SOURCE DATA -

====

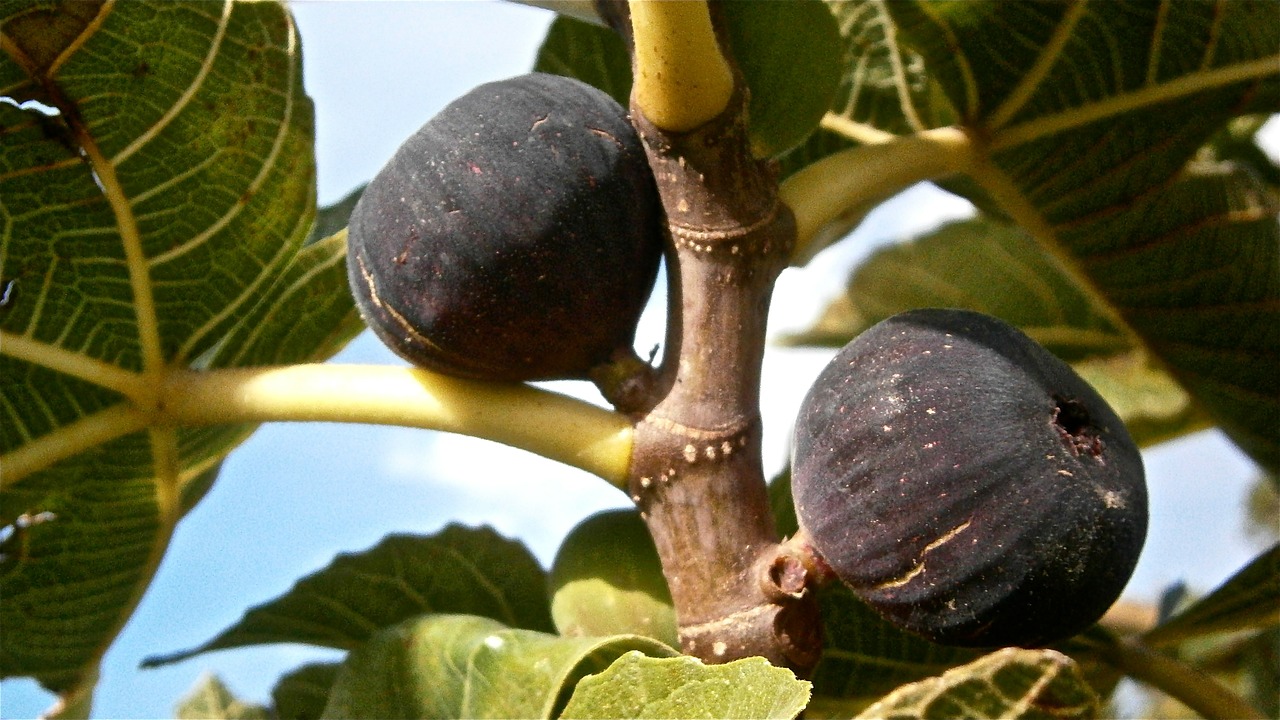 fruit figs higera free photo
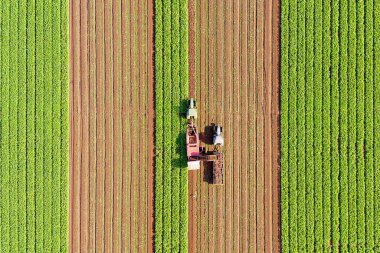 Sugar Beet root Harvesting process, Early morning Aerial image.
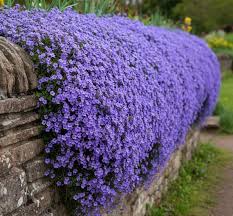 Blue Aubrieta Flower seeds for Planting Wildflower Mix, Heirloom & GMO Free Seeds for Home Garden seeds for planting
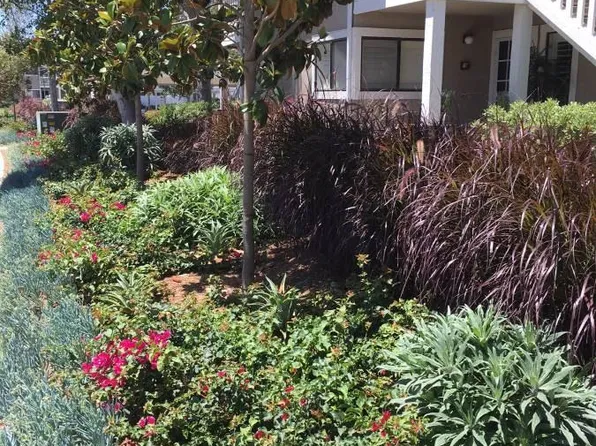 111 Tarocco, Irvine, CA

====

ABOUT THIS TASK - Copy out nothing but text: transcribe the listing exactly and skip each picture.

REPLY TO THE EXERCISE -
 fruit figs higera free photo
 Sugar Beet root Harvesting process, Early morning Aerial image.
 Blue Aubrieta Flower seeds for Planting Wildflower Mix, Heirloom & GMO Free Seeds for Home Garden seeds for planting
 111 Tarocco, Irvine, CA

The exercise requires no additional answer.